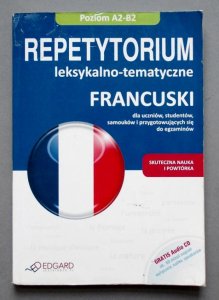 Repetytorium leksykalno-tematyczne Francuski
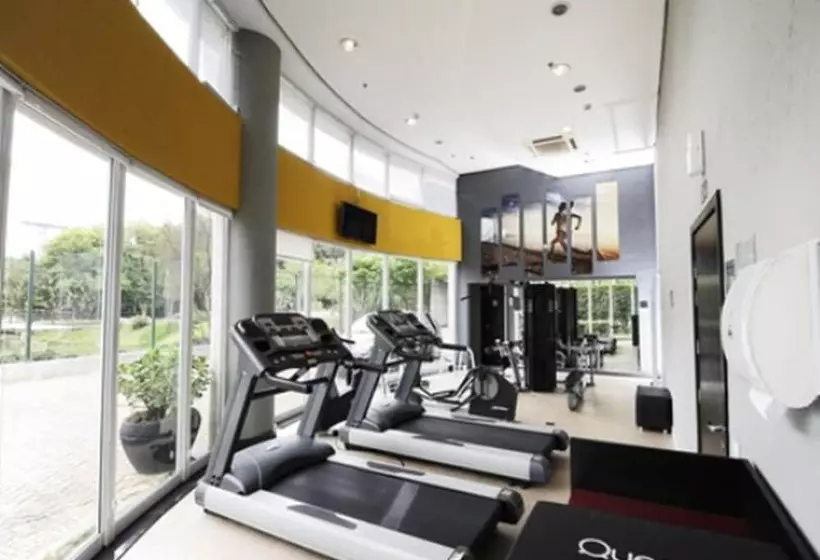 هتل Bristol Santo André Abc São Paulo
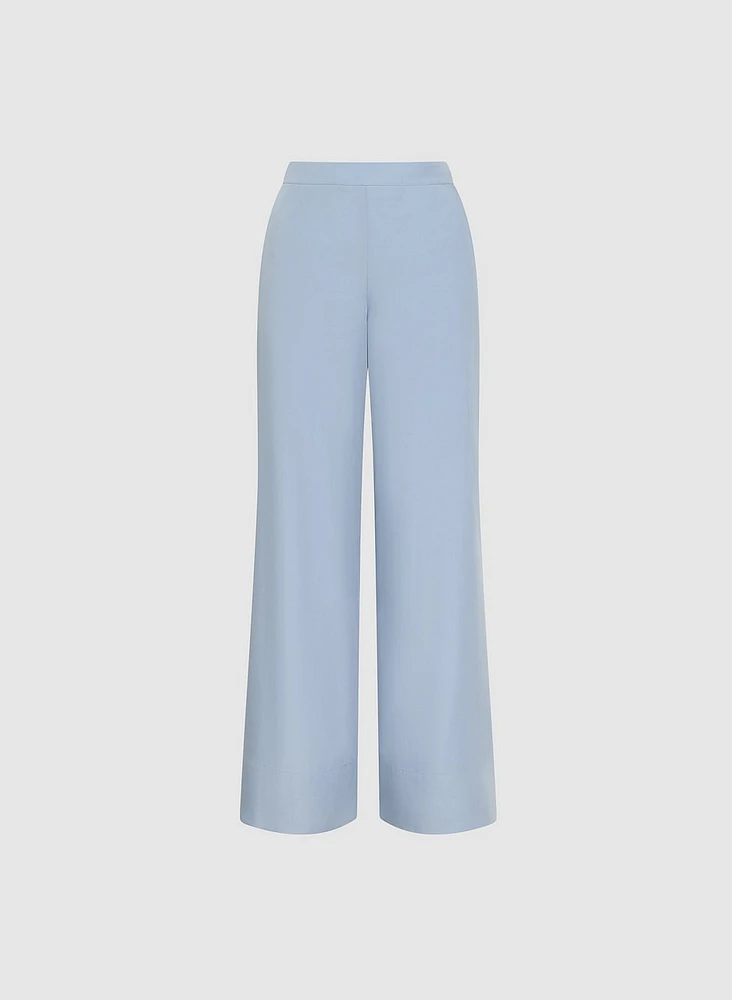 Pantalon Soho à jambe large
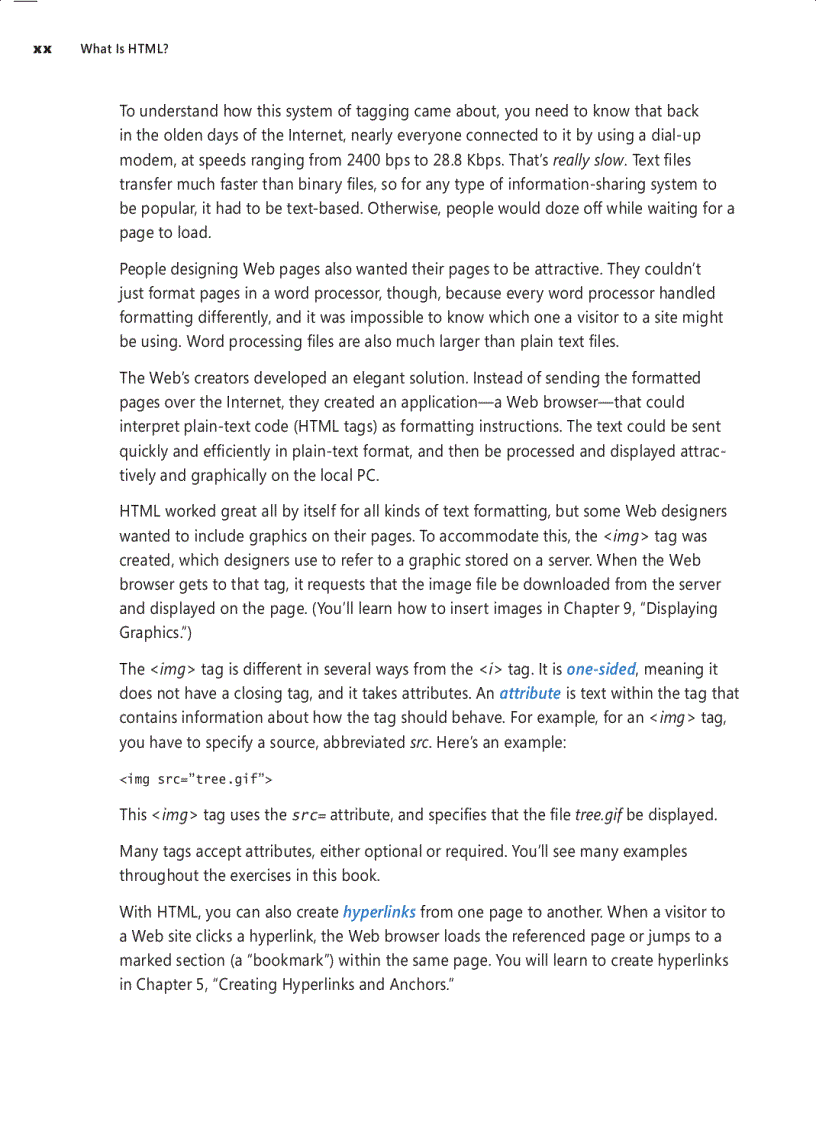 image for page HTML5 Step by Step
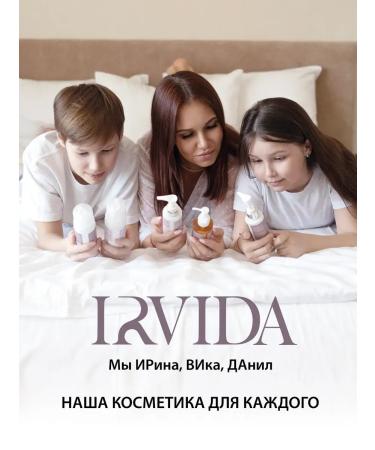 IRVIDA Anti -aging cream for the skin around the eyes - Buy Online on GoSupps.com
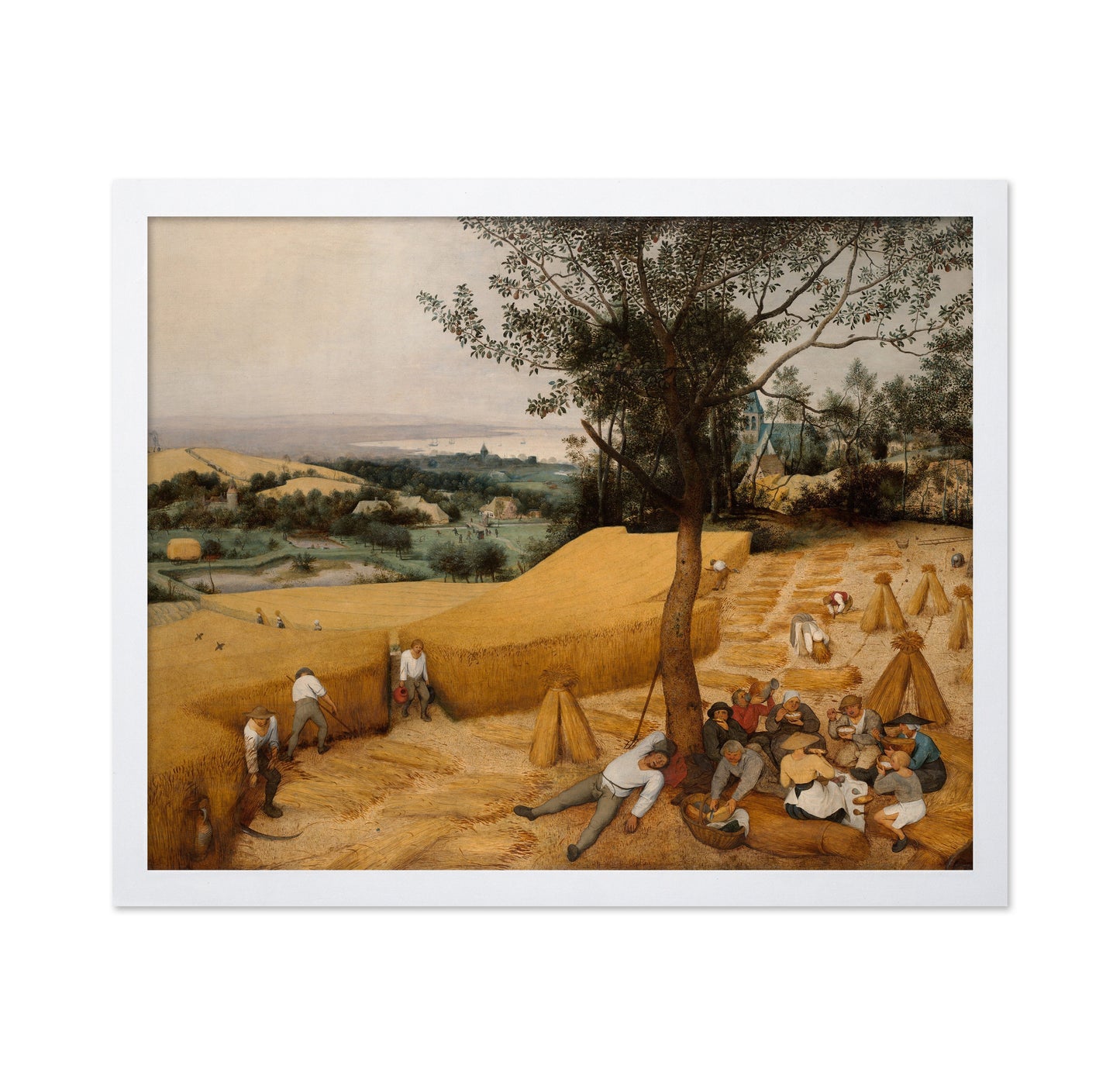 The Harvesters 1565
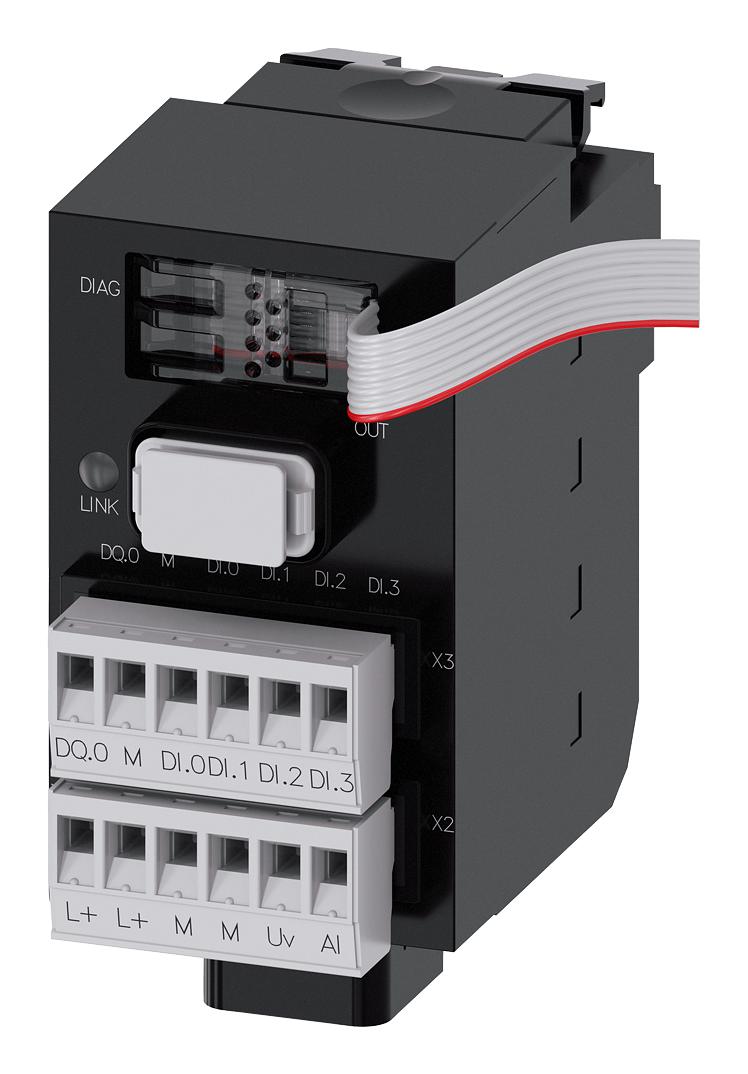 Siemens 3Su1400-1Lk10-1Ba1 Switch Accessories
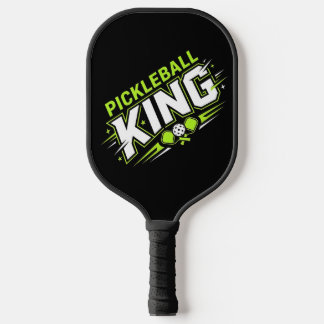 Raquette De Pickleball Pickleball King Funny Pickleball Paddle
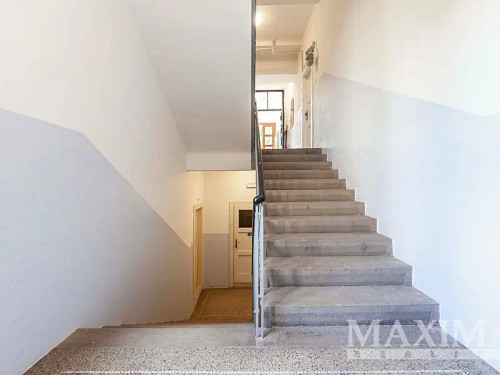 Prodaný byt 1+1 49 m²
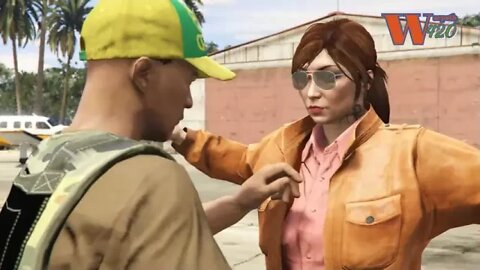 GTAV online H2G set ups
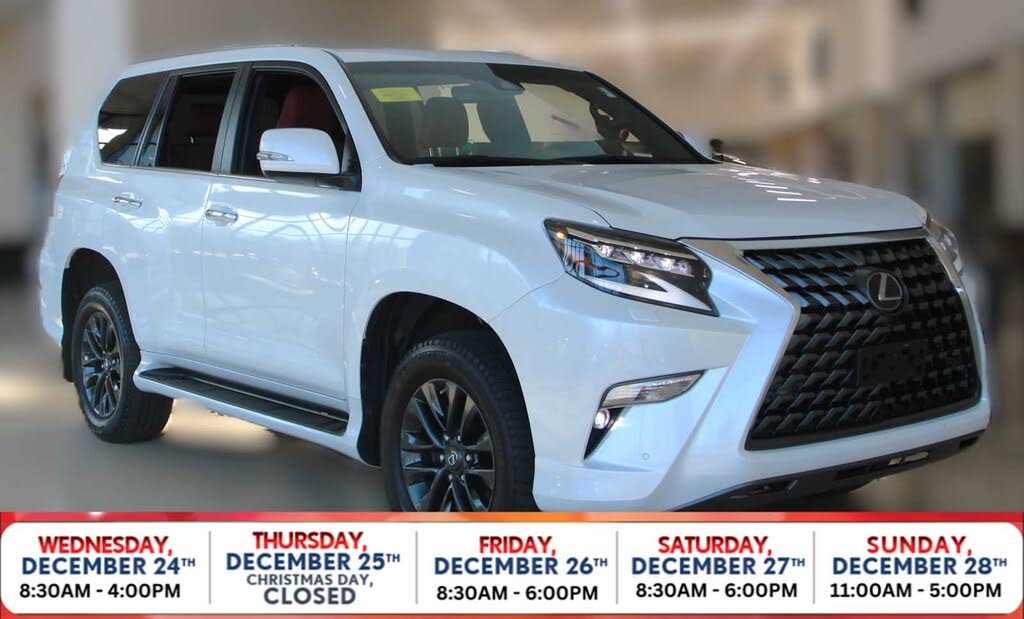 2023 Lexus GX 460 AWD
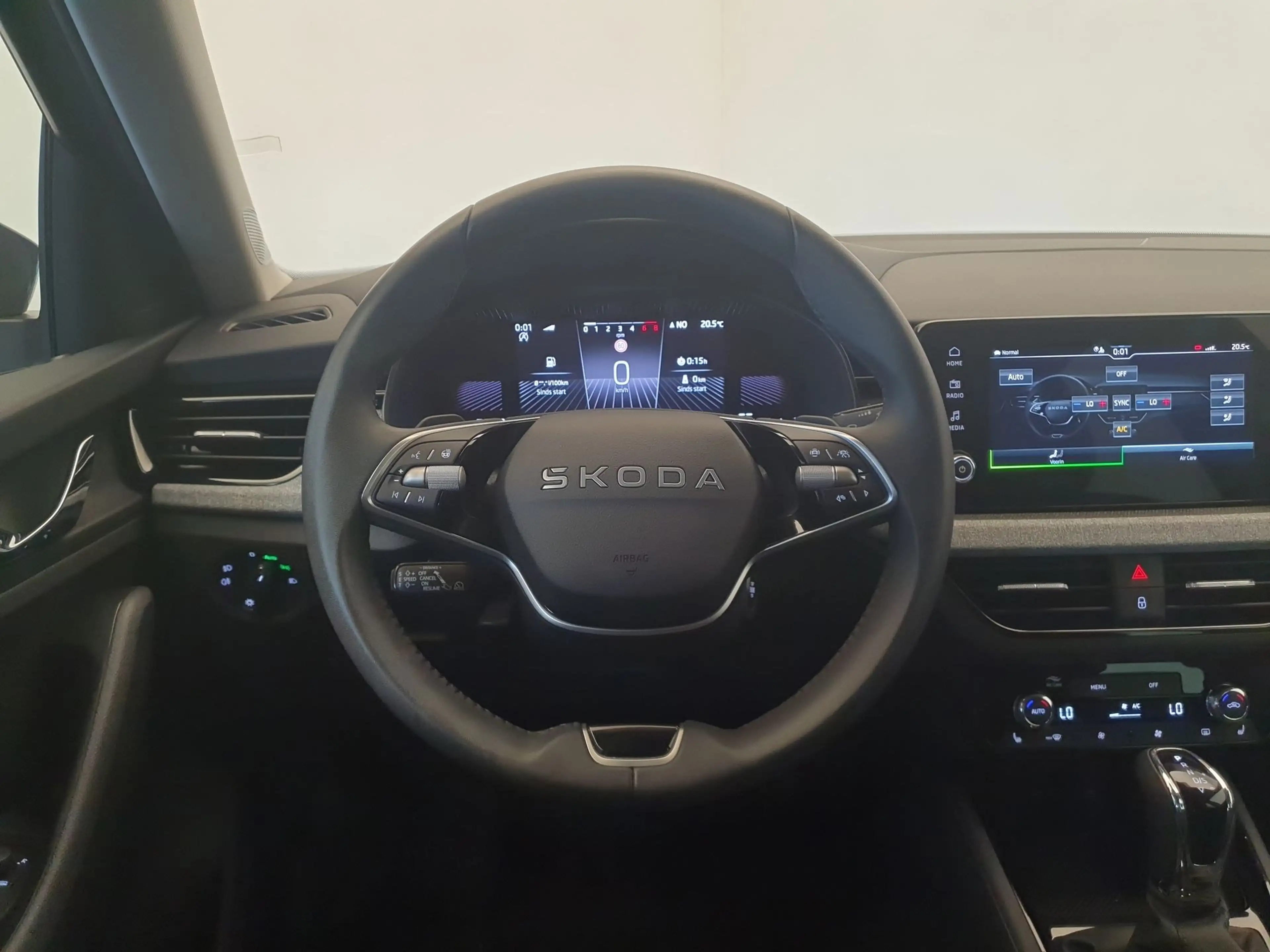 Skoda Kamiq 1.0 TSI 116pk DSG/AUT Selection Camera, Acc, Stoel — photo 14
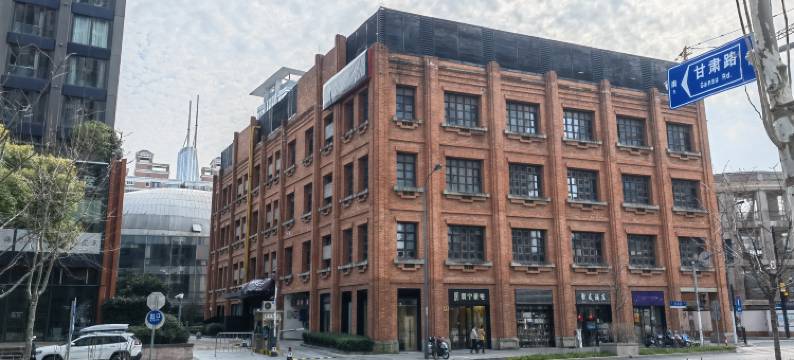 景莱酒店·轻奢(上海北外滩大悦城店)图片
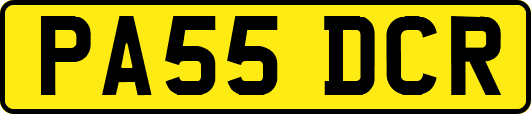 PA55DCR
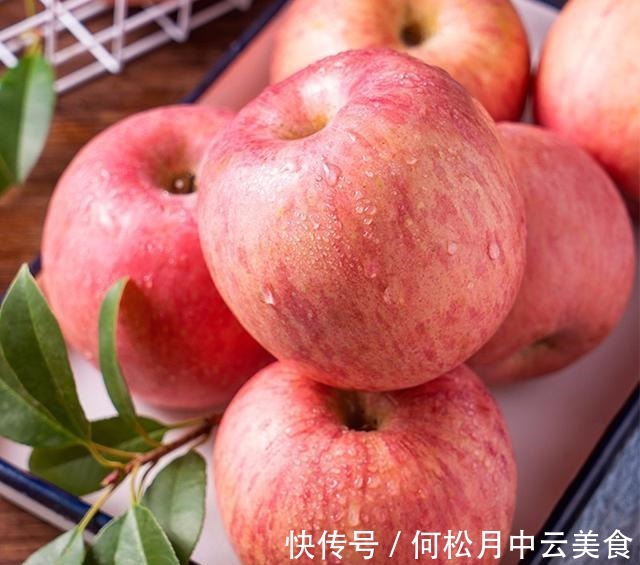 苹果|国内十大苹果水果排名,看看你们都听过哪些!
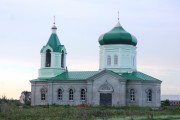Церковь Троицы Живоначальной - Савицкое - Усманский район - Липецкая область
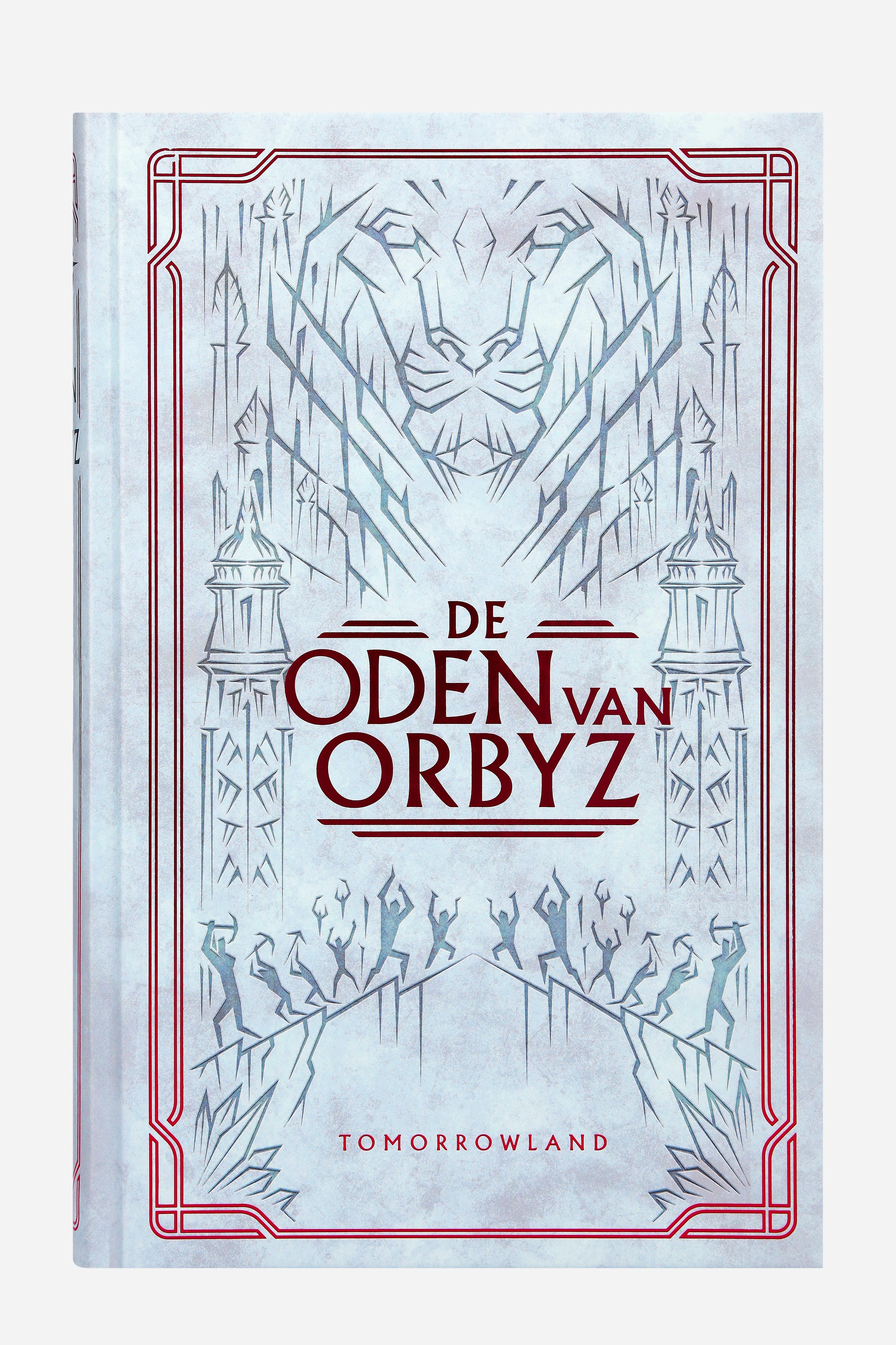 Book The Odes Of Orbyz - Dutch - Tomorrowland Store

* [What you should do]: This exercise asks for the data above to be given again exactly, without pictures.

* [Solution to this problem]:
 Repetytorium leksykalno-tematyczne Francuski
 هتل Bristol Santo André Abc São Paulo
 Pantalon Soho à jambe large
 image for page HTML5 Step by Step
 IRVIDA Anti -aging cream for the skin around the eyes - Buy Online on GoSupps.com
 The Harvesters 1565
 Siemens 3Su1400-1Lk10-1Ba1 Switch Accessories
 Raquette De Pickleball Pickleball King Funny Pickleball Paddle
 Prodaný byt 1+1 49 m²
 GTAV online H2G set ups
 2023 Lexus GX 460 AWD
 Skoda Kamiq 1.0 TSI 116pk DSG/AUT Selection Camera, Acc, Stoel — photo 14
 景莱酒店·轻奢(上海北外滩大悦城店)图片
 PA55DCR
 苹果|国内十大苹果水果排名,看看你们都听过哪些!
Церковь Троицы Живоначальной - Савицкое - Усманский район - Липецкая область
 Book The Odes Of Orbyz - Dutch - Tomorrowland Store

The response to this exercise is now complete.